Real NEastate: 2009 $8,000 tax credit “advance”

Q: I’ve recently heard that you can use the $8,000 First-time Buyer Tax Credit from the American Recovery and Reinvestment Act now and pay them back when your income tax comes back. How true is it?

A: Across the country there are programs in the works to facilitate use of the first-time home-buyers $8,000 tax credit prior to filing your 2010 income tax return. In some states, these programs already exist and are working to improve housing markets. Locally, however, there are many ideas in the preliminary stages but lenders agree most seem as though they will never come to fruition in the next six months before the credit expires.

The thing is, it’s up to the banks. They have to agree to lend the money that you would get back in 2010 from the tax credit. Lenders are hard-pressed to agree to a second “bridge loan” for the amount a first-time buyer would receive in their tax credit. Mortgage companies and banks see this second loan as a risky proposition. If a buyer owes taxes, for example, they may not receive the entire credit because it will go towards their tax debt.

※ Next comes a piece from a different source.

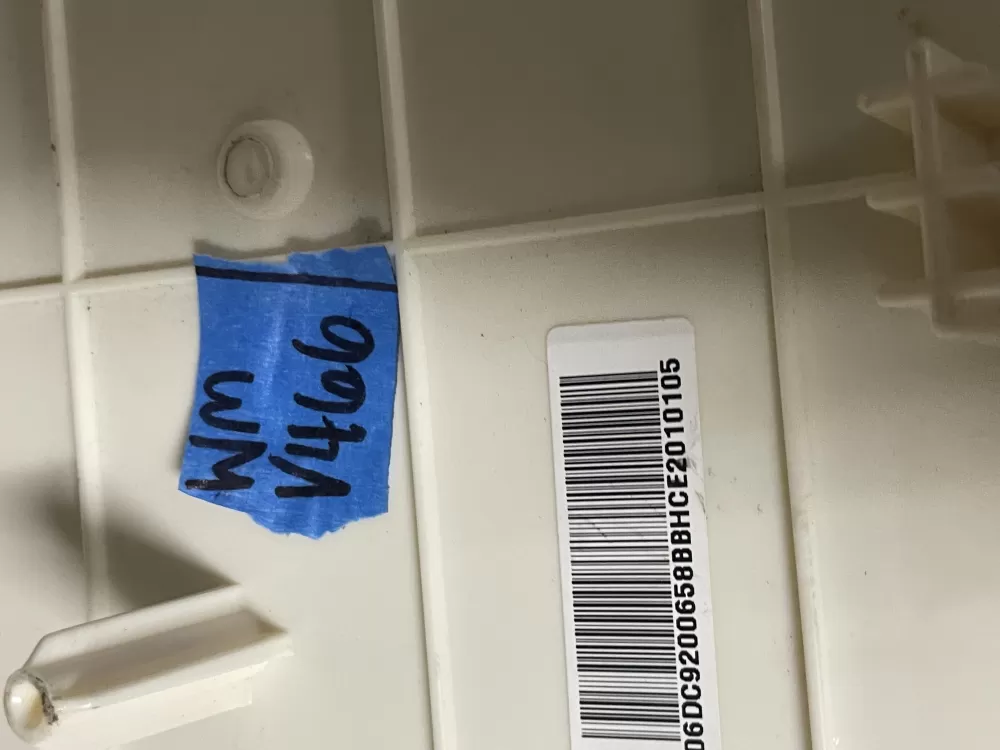 Samsung DC92 00658B DC9200658B Washer Control Board AZ51042 | Wmv466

Pennsylvania Housing Finance Agency started a “Tax Credit Advance Loan Program” to allow first-time buyers to apply a portion of their 2009 credit toward the purchase of their home. To qualify, however, borrowers must use a Keystone Home Loan or Keystone Home Loan PLUS program to finance their home. These mortgage products are typically offered at a much higher rate than an FHA or Conventional loan product in most cases.

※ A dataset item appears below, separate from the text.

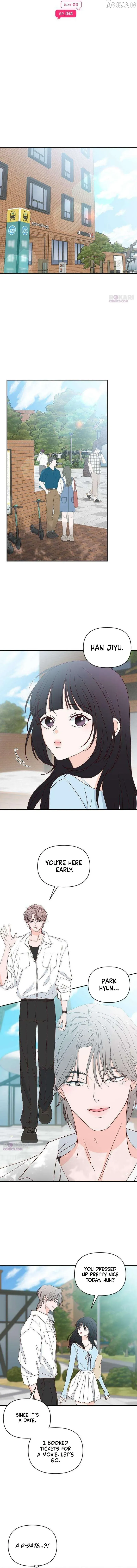 My Meddler in Love chapter 34 page 5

The mortgage rules are constantly changing. There are area lenders that are offer Keystone Home Loans and Keystone Home Loan PLUS, but because of the higher rate there’s little interest. Using your tax credit with TCA now could be a great idea in some cases, but not most. Knowing that the average 30-year mortgagee will refinance within seven years, this might be an appealing choice for someone who wants to move now, but doesn’t have the money in the bank. Check out PHFA’s Web site for details and cooperating lenders.

The best idea for a first-time buyer who wants to take advantage of the American Recovery and Reinvestment tax credit, but doesn’t have the money in the bank, is borrow the money from a relative, get a low-interest FHA or conventional loan, buy a home before Dec. 1, 2009 and pay your relative back after your tax check comes back next year.